# INFORMATION PROVIDED
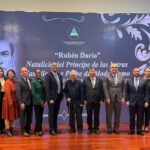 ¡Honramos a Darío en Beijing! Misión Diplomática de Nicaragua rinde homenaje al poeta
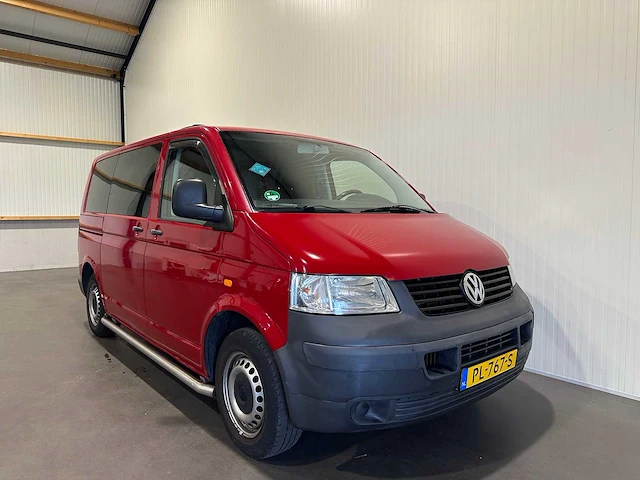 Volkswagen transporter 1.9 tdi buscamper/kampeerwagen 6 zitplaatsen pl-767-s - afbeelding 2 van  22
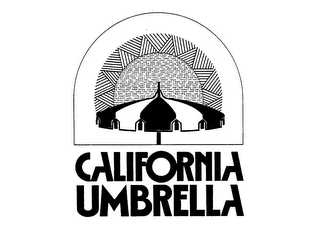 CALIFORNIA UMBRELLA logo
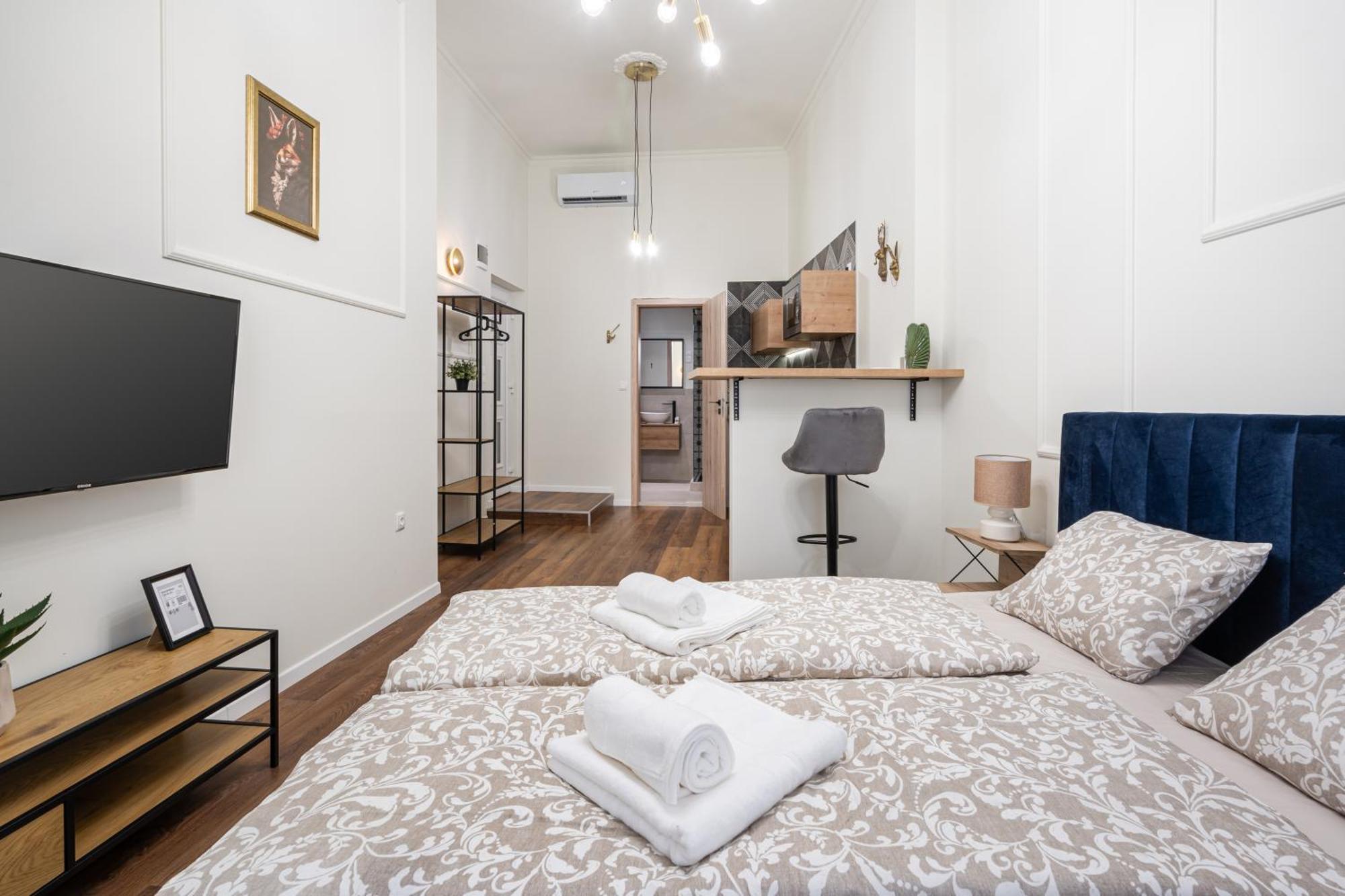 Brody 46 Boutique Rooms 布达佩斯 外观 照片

# TASK DIRECTIONS
In your answer, repeat the material above in full, exactly, and without its pictures.

# SOLUTION
 ¡Honramos a Darío en Beijing! Misión Diplomática de Nicaragua rinde homenaje al poeta
 Volkswagen transporter 1.9 tdi buscamper/kampeerwagen 6 zitplaatsen pl-767-s - afbeelding 2 van  22
 CALIFORNIA UMBRELLA logo
 Brody 46 Boutique Rooms 布达佩斯 外观 照片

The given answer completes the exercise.